Creating WebVTT files for captions and human editing

Web Video Text Tracks Format (WebVTT) is a format for displaying timed text tracks, like subtitles or captions. It's used for adding text overlays to video. The WebVTT file presents the output of the pipeline for human consumption. It's also used for the captions file. This section describes some considerations for using WebVTT in this pipeline.

Include information in the notes of the WebVTT file. The WebVTT file should contain all the information that's required to process the various modules. In addition to timing and textual information, it includes the language ID, the user ID, and flags for human intervention. To include these details in the WebVTT file and keep it compatible for use as a captions/subtitles file, use the NOTE section of each segment in the WebVTT file. The following code shows the recommended format:

NOTE
{
  "Locale": "en-US",
  "Speaker": null,
  "HumanIntervention": true,
  "HumanInterventionReasons": [
    {
      "Word": "It's",
      "WordIndex": 3,
      "ContentionType": "WrongWord"
    }
  ]
}

1
00:00:00.0600000-->00:00:04.6000000
- Hello there!
- It's a beautiful day

Ensure that subtitles display correctly on various screen sizes. When you produce captions files, you need to consider the number of words and lines of text to display on the screen. You need to consider this specifically for each individual use case during the production of the WebVTT file. Humans in the loop review these files and use prompts to resolve problems. The file also contains metadata that other modules later in the pipeline need in order to function.

To ensure that subtitles appear properly, you need to divide longer segments (transcribed or translated results) into multiple VTTCues. You need to preserve the notes and other details so that they still point to the right context and ensure that the pipeline doesn't interrupt the translation or the text-to-text placement of text.

When you divide the original text segment into multiple VTTCues, you also need to consider the timing for each division. You can use the word-level time stamps that are produced during transcription for this purpose. Because the WebVTT file is open for modification, you can update these time stamps manually, but the process creates considerable maintenance overhead.

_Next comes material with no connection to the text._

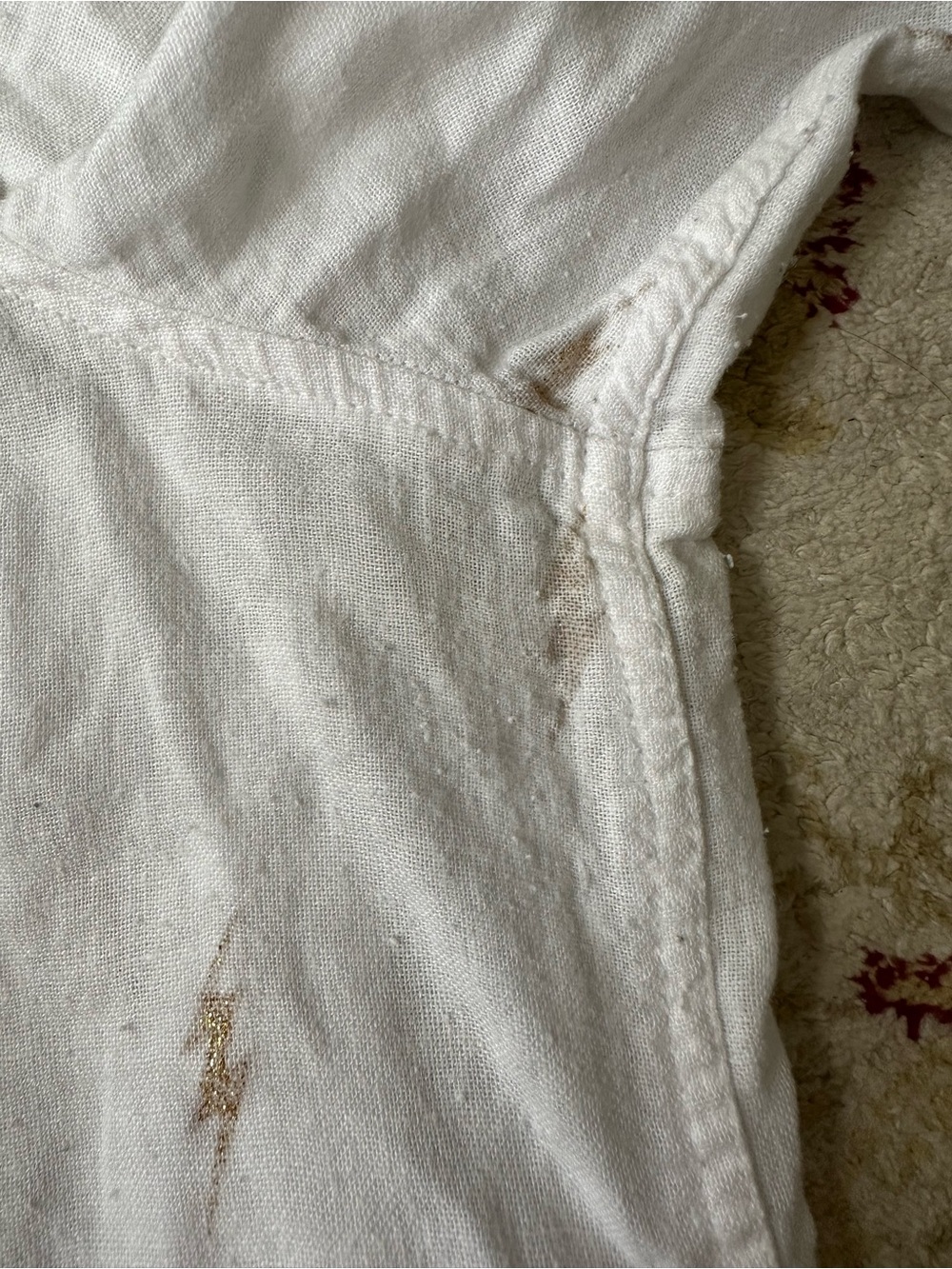 Rails White Gold Lightning Bolt Linen Blend Button Down Shirt Size M - Picture 8 of 12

Identify potential for human intervention

The dubbing pipeline includes three important modules: speech-to-text, translation, and text-to-speech. Errors can occur in each of these modules, and errors can propagate and become more pronounced later in the pipeline. We strongly recommend that you include human intervention to review and rectify results to ensure an acceptable level of quality. You can save significant time by identifying the specific areas that require intervention. This section describes potential errors in each module that require manual intervention.

Speech-to-text

The output of speech-to-text can be affected by the audio itself, the background noise, and the language model. You can improve audio content by customizing the language model to better suit the input. Consider the following options, depending on which points of human intervention are available in your scenario:

Identify transcription errors. The speech-to-text system can sometimes produce transcription errors. It provides multiple transcription options, each with a confidence score. These scores can help you determine the most accurate transcription. The n-best list contains the most probable hypotheses for a given speech input. The top hypothesis in this list has the highest score, indicating its likelihood of being the correct transcription. For example, a score of 0.95 indicates 95% confidence in the accuracy of the top hypothesis. By comparing the scores and differences among the outputs, you can identify discrepancies that require human intervention. You need to consider the threshold and majority voting when you review the n-best list:

Set a higher threshold for improved quality in the dubbing pipeline. The threshold plays a crucial role in identifying potential errors in the n-best results. It determines the number of n-best results that are compared during the process. A higher threshold returns more n-best results for comparison, resulting in a higher quality of intervention. Setting the threshold to zero limits the selection of candidates but provides higher confidence, as compared to the transcription produced by the speech-to-text system.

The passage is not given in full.